> **WORK ITEM**:
Your task is to transcribe the data exactly while omitting each picture.
★ ★ ★ ★
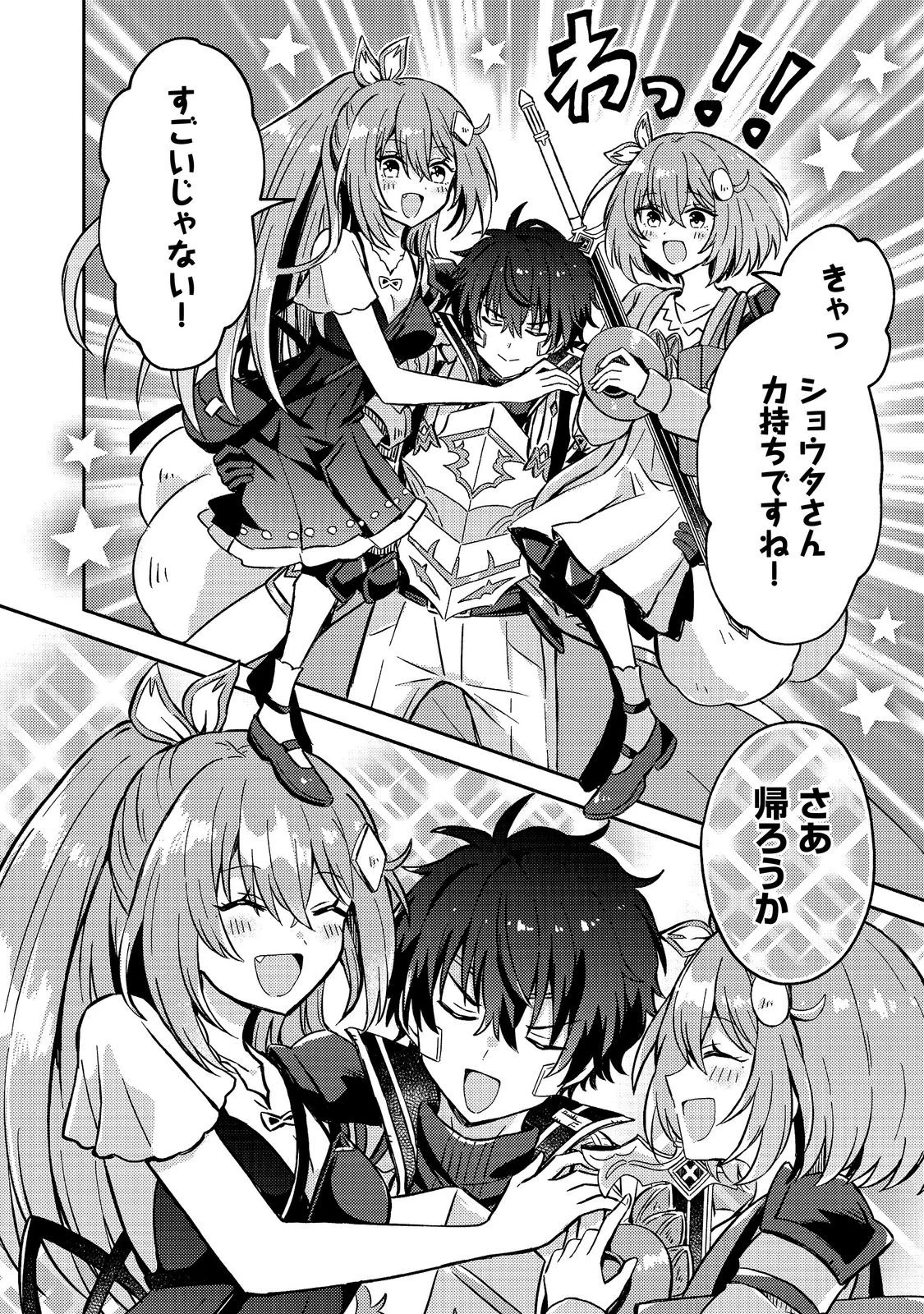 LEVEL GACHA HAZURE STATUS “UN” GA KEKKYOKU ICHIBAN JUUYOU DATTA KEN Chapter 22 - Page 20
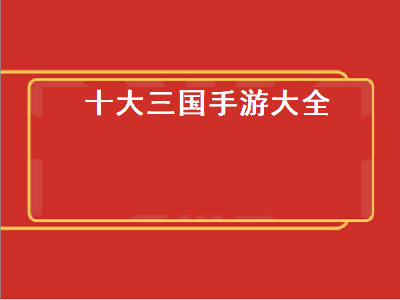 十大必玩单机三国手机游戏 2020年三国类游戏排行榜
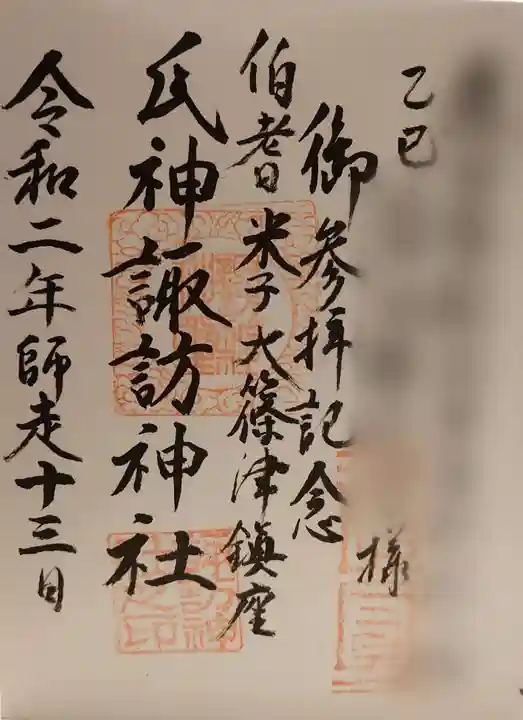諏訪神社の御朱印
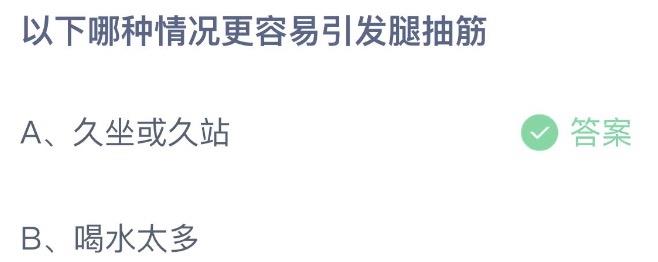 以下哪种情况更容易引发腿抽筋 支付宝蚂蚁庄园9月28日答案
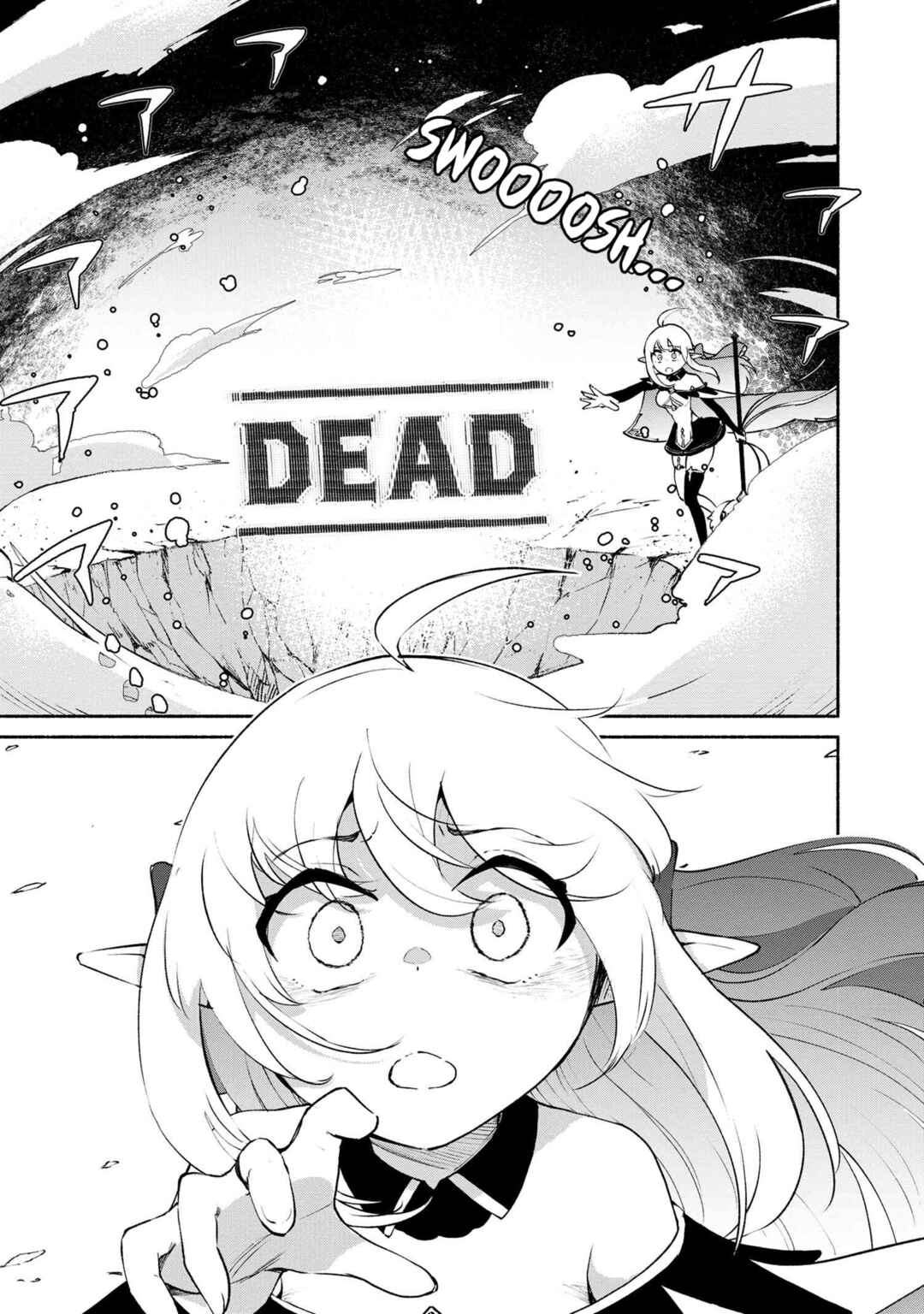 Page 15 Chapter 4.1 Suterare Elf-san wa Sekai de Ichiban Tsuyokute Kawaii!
★ ★ ★ ★
> **OUTPUT FOR THIS EXERCISE**:
 LEVEL GACHA HAZURE STATUS “UN” GA KEKKYOKU ICHIBAN JUUYOU DATTA KEN Chapter 22 - Page 20
 十大必玩单机三国手机游戏 2020年三国类游戏排行榜
諏訪神社の御朱印
 以下哪种情况更容易引发腿抽筋 支付宝蚂蚁庄园9月28日答案
 Page 15 Chapter 4.1 Suterare Elf-san wa Sekai de Ichiban Tsuyokute Kawaii!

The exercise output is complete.